Many trees will fall in the demolition phase of the Florida
course renovation, but the best will be saved, and about 70 have
been targeted for transplantation. "This is a good time to prune
their roots because the sap is not flowing," says course
superintendent Mark Birdsell, examining a 25-foot live oak
between the 4th and 5th fairways. "Your tree nurseries are out
right now root-pruning their trees for sale next year."

This particular tree, whose trunk is about 12 inches in diameter,
is as symmetrical as a Rorschach inkblot, unlike the moss-draped
heritage oaks that lean dramatically over various holes. That's
because this tree came from a commercial nursery. "This is about
a $3,000 tree if we purchased it today, and with installation it
would cost about $4,400," Birdsell says. "But we can hire a man
and a tree spade [to root-prune] for $1,000 a day."
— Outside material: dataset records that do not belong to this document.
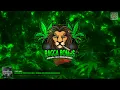 Sub Focus & Fireboy DML & Irah - Original Don (Speaker Louis Bootleg)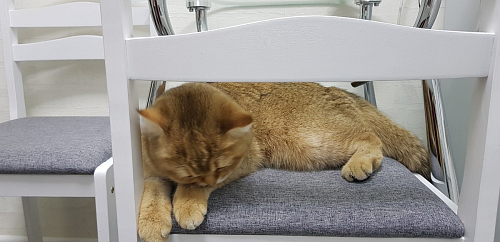 Стул деревянный Camel dirty oak / beige фото покупателя 13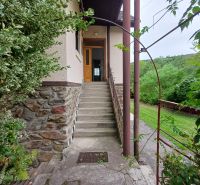 Stone stairs and a garden lead to the entrance of a family house in Drnava.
The root-pruning itself is crude surgery. The tree-spade operator
backs up his truck to the tree and encircles the trunk with the
spade, a powerful machine with four knife blades angled to meet
below the ground. When the operator throws the switch, the blades
slice down through the surface roots and join under the tree to
create a compact root ball. It only takes a few minutes, and the
tree has weeks or months to develop new feeder roots before
transplantation. "We'll do some canopy work, too, trim some
branches," Birdsell says. "That's necessary to keep the tree
healthy when you've cut away the roots."

There are significant savings to be gained by transplanting,
which is why Weed's budget proposal calls for 15 days of
tree-spade work at $1,200 a day for a two-man crew. "If we can
move four eight-inch trees a day," says Scot Sherman of Weed Golf
Course Design, "you're talking only $300 a tree." In addition,
Weed plans to transplant 15 larger trees, in the 20- to 24-inch
range, and spend between $75,000 and $100,000 for 100 new oaks
and pines from a local nursery.

"There could be more," says Sherman. "If we save money on
contracts, we'll put it right back in landscaping." --J.G.